The markets had an exciting open this morning, after the U.S. Labor Department released better-than-expected nonfarm payroll data. The news of 236,000 additional jobs, when only 165,000 were expected, boosted futures and indices at the opening. But typically exciting opens are prone to be sold, especially after the market has been bullish the past 7-8 days.
The S&P 500 (SPX) hit a high of $1551 around the open and went as low as $1542. The historic high is $1576. There is still a lot of day left, but if we were to close below the first hour's low it would create a short-term "topping tail." That usually leads to some type of pause or correction.
Right now, the markets are very extended from their 8- and 21-day moving averages -- the SPX 8-day is $1532.
I am standing behind my "Road to S&P 1700" thesis, no what bears have said in the past year or two, but there will be some spots to navigate for intermediate sanity. If you try and be too cute, you might be left behind.
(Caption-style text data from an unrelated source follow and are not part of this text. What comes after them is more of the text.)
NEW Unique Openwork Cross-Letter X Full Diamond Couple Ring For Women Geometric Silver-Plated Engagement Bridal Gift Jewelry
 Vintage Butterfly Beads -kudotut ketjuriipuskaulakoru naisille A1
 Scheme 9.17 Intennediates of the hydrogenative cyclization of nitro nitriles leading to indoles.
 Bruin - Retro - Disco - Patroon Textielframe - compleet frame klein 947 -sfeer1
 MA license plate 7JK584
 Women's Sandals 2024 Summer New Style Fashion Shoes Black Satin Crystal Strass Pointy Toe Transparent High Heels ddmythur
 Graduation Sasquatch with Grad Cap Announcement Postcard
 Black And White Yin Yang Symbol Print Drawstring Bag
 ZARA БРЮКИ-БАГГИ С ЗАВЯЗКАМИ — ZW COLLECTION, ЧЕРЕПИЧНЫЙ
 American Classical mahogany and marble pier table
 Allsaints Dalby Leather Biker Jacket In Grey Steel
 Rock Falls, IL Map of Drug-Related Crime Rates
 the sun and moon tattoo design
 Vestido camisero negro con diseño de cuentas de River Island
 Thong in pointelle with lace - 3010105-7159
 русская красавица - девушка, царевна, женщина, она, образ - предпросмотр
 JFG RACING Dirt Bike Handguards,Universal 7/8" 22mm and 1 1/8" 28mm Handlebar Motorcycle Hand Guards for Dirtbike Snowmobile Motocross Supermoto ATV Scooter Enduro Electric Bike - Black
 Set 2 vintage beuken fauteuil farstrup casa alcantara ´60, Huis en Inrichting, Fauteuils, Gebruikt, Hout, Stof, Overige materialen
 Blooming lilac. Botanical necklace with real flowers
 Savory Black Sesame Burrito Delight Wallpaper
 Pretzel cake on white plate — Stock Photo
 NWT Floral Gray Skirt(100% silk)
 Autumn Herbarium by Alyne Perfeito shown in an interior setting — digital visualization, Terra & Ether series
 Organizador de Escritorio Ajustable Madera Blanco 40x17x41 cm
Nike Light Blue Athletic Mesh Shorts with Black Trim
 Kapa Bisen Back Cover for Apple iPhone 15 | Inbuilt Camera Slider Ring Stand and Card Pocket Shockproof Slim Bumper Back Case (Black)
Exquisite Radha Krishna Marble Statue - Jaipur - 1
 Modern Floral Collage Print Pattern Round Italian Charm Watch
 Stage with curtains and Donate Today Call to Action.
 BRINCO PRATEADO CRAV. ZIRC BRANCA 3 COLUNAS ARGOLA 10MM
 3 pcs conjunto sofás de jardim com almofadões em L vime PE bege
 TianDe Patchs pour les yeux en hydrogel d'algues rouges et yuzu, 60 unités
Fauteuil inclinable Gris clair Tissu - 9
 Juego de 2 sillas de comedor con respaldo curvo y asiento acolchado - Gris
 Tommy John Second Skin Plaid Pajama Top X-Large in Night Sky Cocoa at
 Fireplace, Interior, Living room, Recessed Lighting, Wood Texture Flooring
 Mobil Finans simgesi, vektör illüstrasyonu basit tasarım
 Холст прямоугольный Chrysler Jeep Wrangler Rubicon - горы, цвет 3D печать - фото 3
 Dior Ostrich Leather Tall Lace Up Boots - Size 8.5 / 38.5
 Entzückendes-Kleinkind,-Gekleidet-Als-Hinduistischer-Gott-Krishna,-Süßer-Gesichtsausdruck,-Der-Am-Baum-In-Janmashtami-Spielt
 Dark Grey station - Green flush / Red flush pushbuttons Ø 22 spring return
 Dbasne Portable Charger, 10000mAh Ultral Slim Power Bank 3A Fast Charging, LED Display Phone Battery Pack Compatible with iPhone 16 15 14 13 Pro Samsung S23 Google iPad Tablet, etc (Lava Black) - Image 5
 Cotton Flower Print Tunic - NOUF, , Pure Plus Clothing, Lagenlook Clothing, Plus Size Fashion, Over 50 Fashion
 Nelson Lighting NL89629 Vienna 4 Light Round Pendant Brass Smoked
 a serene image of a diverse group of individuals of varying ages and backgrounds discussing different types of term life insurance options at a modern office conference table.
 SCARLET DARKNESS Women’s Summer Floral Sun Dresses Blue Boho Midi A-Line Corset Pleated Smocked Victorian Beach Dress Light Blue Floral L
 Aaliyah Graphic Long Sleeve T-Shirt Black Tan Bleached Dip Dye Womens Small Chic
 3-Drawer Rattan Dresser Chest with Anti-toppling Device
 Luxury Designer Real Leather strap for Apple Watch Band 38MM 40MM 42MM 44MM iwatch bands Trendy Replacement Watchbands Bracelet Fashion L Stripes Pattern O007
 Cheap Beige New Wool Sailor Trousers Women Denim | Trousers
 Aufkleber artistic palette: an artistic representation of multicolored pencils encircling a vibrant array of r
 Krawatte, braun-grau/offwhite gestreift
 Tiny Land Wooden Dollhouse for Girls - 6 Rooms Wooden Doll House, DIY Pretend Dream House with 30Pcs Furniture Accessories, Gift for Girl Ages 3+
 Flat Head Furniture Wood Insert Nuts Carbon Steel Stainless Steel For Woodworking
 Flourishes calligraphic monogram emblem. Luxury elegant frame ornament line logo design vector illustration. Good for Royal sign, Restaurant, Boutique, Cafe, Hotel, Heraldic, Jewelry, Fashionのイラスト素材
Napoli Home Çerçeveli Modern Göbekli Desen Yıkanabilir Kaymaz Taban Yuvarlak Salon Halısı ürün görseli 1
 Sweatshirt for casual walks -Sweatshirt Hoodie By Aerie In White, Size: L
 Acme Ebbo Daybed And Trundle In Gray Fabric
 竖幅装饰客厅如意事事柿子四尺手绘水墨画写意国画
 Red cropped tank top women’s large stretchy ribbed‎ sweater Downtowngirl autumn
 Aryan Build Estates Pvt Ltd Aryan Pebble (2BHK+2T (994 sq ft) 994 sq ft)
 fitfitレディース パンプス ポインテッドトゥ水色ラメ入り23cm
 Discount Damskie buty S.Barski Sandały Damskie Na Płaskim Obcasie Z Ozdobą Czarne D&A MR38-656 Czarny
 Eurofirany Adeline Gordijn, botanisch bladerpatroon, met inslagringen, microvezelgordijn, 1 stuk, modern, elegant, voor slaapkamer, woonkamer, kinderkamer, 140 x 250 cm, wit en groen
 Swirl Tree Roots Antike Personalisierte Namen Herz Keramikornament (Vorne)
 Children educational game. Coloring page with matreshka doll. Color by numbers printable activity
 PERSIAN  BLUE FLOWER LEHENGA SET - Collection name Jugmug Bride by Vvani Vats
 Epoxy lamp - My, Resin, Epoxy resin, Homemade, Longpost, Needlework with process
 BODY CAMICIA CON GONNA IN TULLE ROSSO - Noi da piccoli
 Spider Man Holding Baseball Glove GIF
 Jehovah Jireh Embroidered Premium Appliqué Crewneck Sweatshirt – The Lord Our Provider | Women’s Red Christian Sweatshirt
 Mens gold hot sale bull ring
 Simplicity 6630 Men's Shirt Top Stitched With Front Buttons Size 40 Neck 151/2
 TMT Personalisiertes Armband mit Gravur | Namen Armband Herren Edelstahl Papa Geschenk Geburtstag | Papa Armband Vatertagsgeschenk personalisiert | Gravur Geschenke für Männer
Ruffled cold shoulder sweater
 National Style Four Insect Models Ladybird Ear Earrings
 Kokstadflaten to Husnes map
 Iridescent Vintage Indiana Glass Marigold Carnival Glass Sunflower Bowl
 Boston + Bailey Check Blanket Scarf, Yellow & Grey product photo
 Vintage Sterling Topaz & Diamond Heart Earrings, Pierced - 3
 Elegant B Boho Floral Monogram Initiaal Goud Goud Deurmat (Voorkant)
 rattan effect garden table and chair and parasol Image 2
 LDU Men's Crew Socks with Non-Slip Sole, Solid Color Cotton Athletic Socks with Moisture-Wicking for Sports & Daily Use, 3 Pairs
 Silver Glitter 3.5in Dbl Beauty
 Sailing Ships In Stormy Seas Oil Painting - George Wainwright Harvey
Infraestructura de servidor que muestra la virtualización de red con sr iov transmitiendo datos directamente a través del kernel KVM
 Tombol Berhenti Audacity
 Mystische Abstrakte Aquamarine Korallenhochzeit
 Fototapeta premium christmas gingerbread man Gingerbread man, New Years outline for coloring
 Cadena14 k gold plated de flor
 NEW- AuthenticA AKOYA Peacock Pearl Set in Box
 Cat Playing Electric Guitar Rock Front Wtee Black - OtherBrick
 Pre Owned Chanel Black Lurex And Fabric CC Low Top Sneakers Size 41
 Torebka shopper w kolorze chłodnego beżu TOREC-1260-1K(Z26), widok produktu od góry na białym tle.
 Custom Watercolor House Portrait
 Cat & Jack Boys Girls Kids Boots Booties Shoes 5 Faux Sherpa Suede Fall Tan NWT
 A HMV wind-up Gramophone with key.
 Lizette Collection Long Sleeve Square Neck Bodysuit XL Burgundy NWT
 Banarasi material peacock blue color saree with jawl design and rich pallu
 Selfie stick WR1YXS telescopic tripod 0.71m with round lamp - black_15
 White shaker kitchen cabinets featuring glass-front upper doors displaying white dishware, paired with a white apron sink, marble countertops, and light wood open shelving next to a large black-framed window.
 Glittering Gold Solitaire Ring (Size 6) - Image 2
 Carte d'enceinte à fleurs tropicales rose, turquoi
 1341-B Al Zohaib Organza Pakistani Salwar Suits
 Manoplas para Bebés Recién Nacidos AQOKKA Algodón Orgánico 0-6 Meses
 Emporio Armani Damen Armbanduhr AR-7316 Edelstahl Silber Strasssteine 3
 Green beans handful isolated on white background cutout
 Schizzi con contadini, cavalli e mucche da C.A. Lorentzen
Metals reversed off lows as indices reversed off the highs. That has been the established relationship over the past few months.
Some positions I trimmed into strength and some stopped out for a loss. Taking profits in strength is prudent—but if you add to hedges after a pull-in, that can be frustrating.
*Disclosures: Scott J. Redler is Long: FB, BAC, F, SLB. Short: XLF, SPY. Flat: NKE, MS, MSFT, MGM, CROX, CIT, AAPL.